### [EXERCISE REQUIREMENTS]
Return the listing exactly, please; no pictures.
*** SUPPLIED RECORDS Section Begins ***
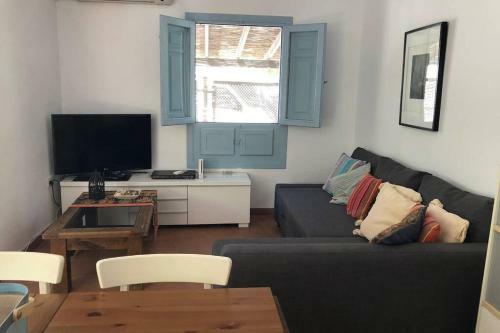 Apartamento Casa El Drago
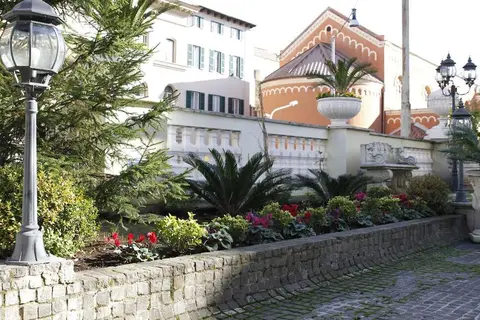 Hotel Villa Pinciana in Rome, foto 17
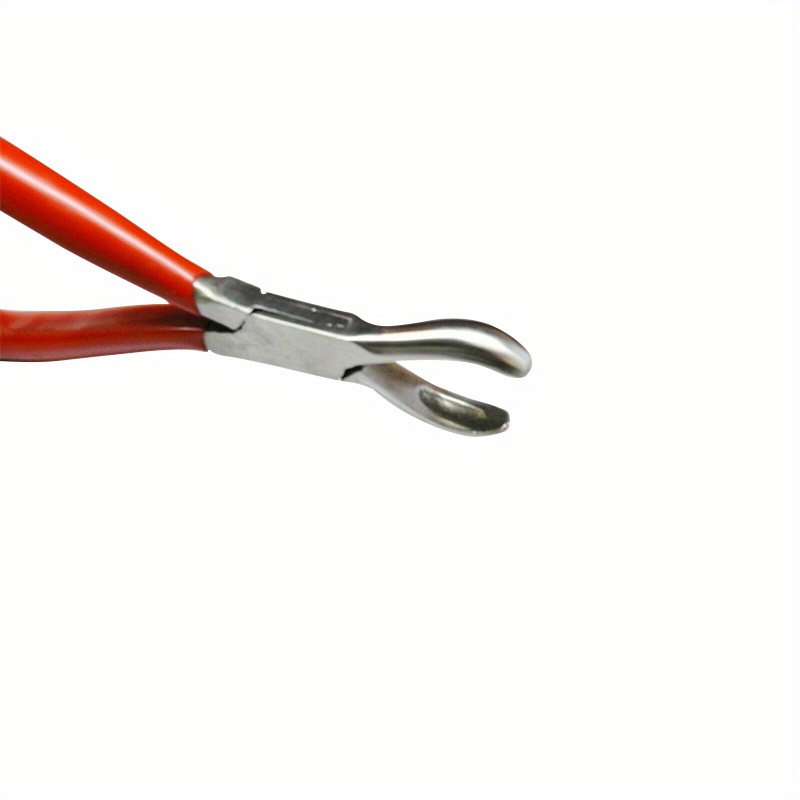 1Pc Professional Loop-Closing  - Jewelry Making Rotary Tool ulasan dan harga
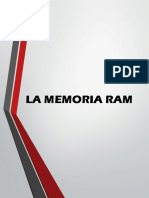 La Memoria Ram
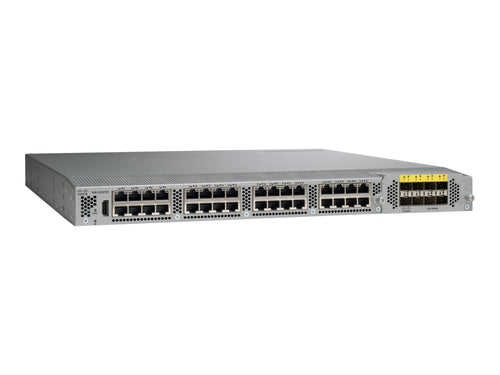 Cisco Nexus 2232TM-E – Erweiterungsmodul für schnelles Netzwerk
*** SUPPLIED RECORDS Section Ends ***
### [RESULT]
 Apartamento Casa El Drago
 Hotel Villa Pinciana in Rome, foto 17
 1Pc Professional Loop-Closing  - Jewelry Making Rotary Tool ulasan dan harga
 La Memoria Ram
 Cisco Nexus 2232TM-E – Erweiterungsmodul für schnelles Netzwerk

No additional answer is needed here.